> [What the task requires]
Give again the line that contains "Item preview, DLBG" and every line after it to the end of the records. Keep them exactly as they are and add nothing.

> [Information supplied]
####################

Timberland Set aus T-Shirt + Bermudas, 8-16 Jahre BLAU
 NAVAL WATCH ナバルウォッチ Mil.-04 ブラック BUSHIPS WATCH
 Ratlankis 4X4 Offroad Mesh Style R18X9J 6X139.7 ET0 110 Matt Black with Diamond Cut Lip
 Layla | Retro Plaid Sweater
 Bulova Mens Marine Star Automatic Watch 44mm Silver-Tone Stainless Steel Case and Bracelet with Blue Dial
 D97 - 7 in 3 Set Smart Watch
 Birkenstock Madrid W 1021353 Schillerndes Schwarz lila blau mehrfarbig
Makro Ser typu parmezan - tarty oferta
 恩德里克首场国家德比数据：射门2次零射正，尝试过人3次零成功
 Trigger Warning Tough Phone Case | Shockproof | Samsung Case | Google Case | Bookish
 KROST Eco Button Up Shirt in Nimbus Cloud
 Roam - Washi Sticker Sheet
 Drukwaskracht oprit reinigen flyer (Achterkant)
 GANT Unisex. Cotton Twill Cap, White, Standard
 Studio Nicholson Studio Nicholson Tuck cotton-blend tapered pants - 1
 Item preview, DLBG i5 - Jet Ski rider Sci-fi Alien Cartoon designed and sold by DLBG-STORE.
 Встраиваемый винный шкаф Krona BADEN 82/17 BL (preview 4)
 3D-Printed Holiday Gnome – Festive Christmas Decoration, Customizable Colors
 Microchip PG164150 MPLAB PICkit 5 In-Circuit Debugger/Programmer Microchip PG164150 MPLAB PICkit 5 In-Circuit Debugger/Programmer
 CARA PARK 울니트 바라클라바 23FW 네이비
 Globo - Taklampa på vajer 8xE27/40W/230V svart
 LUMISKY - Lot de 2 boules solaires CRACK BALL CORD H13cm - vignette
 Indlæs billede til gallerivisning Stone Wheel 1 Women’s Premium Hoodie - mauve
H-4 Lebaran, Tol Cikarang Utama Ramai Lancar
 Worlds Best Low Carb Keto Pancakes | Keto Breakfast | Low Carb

####################

> [Exercise result]
 Item preview, DLBG i5 - Jet Ski rider Sci-fi Alien Cartoon designed and sold by DLBG-STORE.
 Встраиваемый винный шкаф Krona BADEN 82/17 BL (preview 4)
 3D-Printed Holiday Gnome – Festive Christmas Decoration, Customizable Colors
 Microchip PG164150 MPLAB PICkit 5 In-Circuit Debugger/Programmer Microchip PG164150 MPLAB PICkit 5 In-Circuit Debugger/Programmer
 CARA PARK 울니트 바라클라바 23FW 네이비
 Globo - Taklampa på vajer 8xE27/40W/230V svart
 LUMISKY - Lot de 2 boules solaires CRACK BALL CORD H13cm - vignette
 Indlæs billede til gallerivisning Stone Wheel 1 Women’s Premium Hoodie - mauve
H-4 Lebaran, Tol Cikarang Utama Ramai Lancar
 Worlds Best Low Carb Keto Pancakes | Keto Breakfast | Low Carb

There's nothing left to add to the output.